= Locked-in retirement account =

Canadian investment account for former registered pension plan funds

A locked-in retirement account (LIRA, compte de retraite immobilisé (CRI)) or locked-in retirement savings plan (LRSP) is a Canadian investment account designed specifically to hold locked-in pension funds for former registered pension plan (RPP) members, former spouses or common-law partners, or surviving spouses or partners.

Funds held inside LIRAs / LRSPs normally only become available (or "unlocked") to holders upon retirement or upon conversion to another style of pension instrument (e.g. LIF, RLIF, annuity).

==Meaning of Locked-In==
The distinction between a LIRA / LRSP and a registered retirement savings plan (RRSP) is that, where RRSPs can be cashed in at any time, a LIRA / LRSP cannot. Instead, the investment held in the LIRA / LRSP is "locked-in" and cannot be removed until either retirement or a specified age outlined in the applicable pension legislation (though certain exceptions exist). Another important distinction between regular RRSPs and LIRAs / LRSPs is that once funds have been transferred from a company pension plan to a LIRA / LRSP, further contributions cannot be made into said LIRA / LRSP. Any monetary amounts earned in the LIRA / LRSP through investment are also considered to be locked-in.

==Provisions for holding a LIRA / LRSP==
Employees who have Registered Pension Plans (RPP) and who remain with their company until retirement age will receive income for life at time of retirement. However, at the time of termination of membership in a company pension plan preceding retirement, death before retirement (whereby funds become property of surviving spouse or partner), or the breakup of marriage or common-law relationship, holders can transfer their RPP funds into a LIRA / LRSP and hold them there until retirement.

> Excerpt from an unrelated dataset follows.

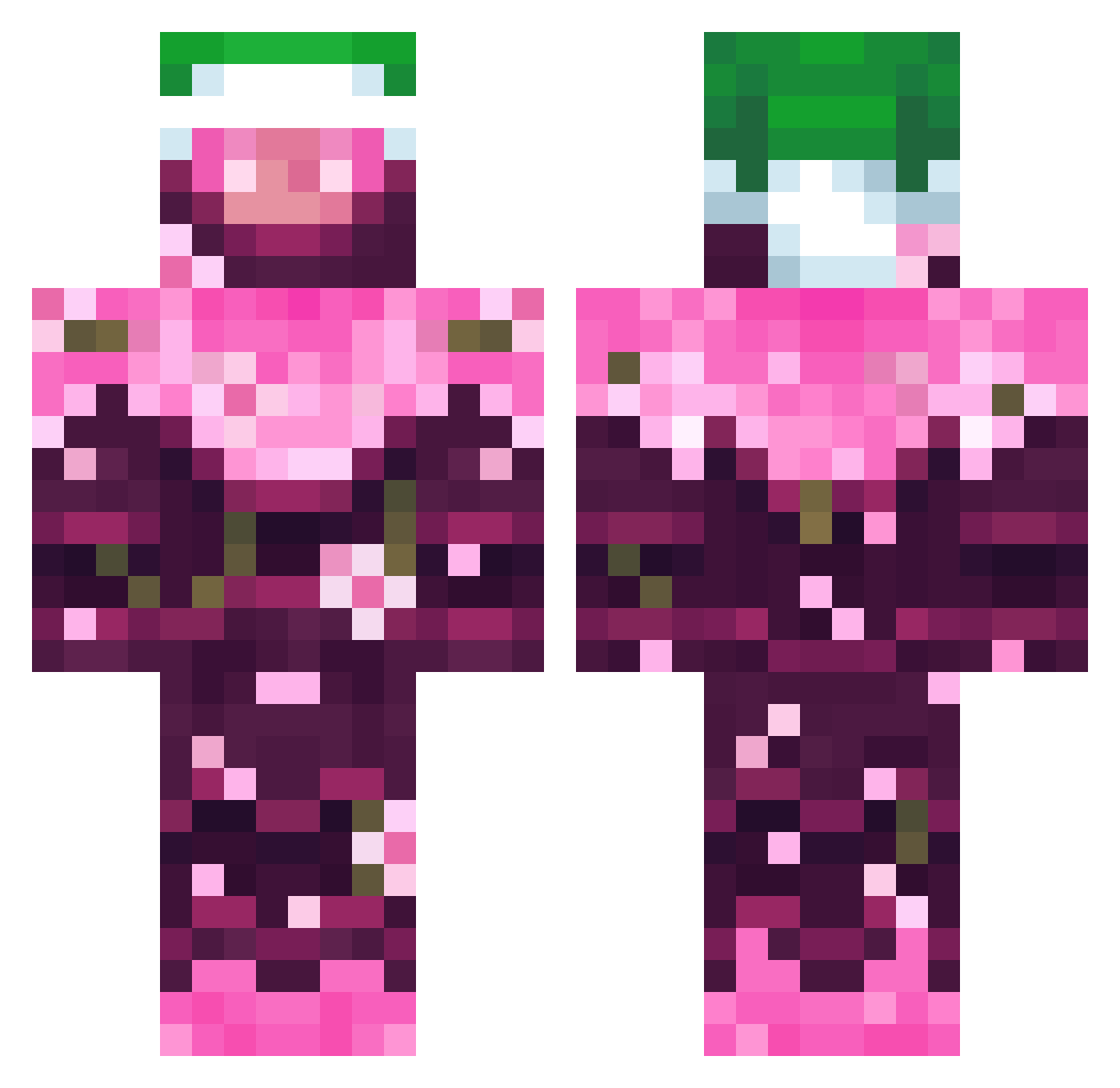 Kane819350214 Minecraft skin, front and back view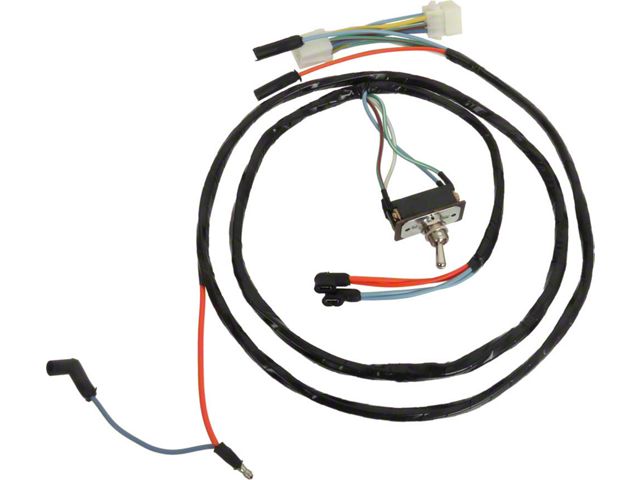 CA 1965-1966 Ford And Mercury Emergency Flasher Switch And Wiring Harness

==Converting a LIRA / LRSP to a registered income fund or life annuity==
In order to withdraw retirement income, holders need to convert their LIRAs / LRSPs into life income funds (LIF), or federally regulated restricted locked-in income funds (RLIFs), as these allow for periodic withdrawal of pension income during retirement. Instead of converting to a LIF / RLIF, holders may opt to use the proceeds of their LIRA / LRSP to purchase a life annuity from an insurance company. In the past, there was a requirement to convert LIF/RLIFs to an annuity at a specific age. This is no longer in effect for LIF/RLIFs under federal jurisdiction.

Variations exist between jurisdictions as to the holder's minimum age when plan conversion is allowed and the maximum age for mandatory plan conversion. Under Saskatchewan legislation, LIFs / RLIFs are no longer permitted since 2002 and LIRA there are now transferred to prescribed retirement income funds (PRIF). Manitoba also offers a PRIF alternative. Newfoundland and Labrador offers a locked-in retirement income fund (LRIF), though other provinces also did in the past, which is available starting at age 55 and never needs to be converted to an annuity.

==Pension legislation differences==
LIRAs / LRSPs are registered provincially / federally at the time of transfer from the company pension plan to the LIRA / LRSP. Though some LIF accounts are registered federally (RLIFs), the bulk of locked-in accounts are registered under the legislation of a specific province. The primary differences which exist from province to province involve the minimum age required for withdrawal (i.e. when conversion to LIFs / RLIFs / LRIFs / PRIFs is possible), the special provisions by which locked-in funds may be unlocked early, and the maximum amounts that may be withdrawn each year.

For example, the Saskatchewan and Manitoba prescribed retirement income funds (PRIFs) have no maximum limit on withdrawals per year. The Newfoundland and Labrador locked-in retirement income fund (LRIF) has more generous maximum withdrawal limits per year than for a corresponding LIF.

==Difference between LIRAs and LRSPs==
LIRAs and LRSPs are essentially identical in structure and serve identical purposes. LIRA refers to a provincially regulated locked-in retirement account, while LRSP refers to a federally regulated locked-in retirement savings plan.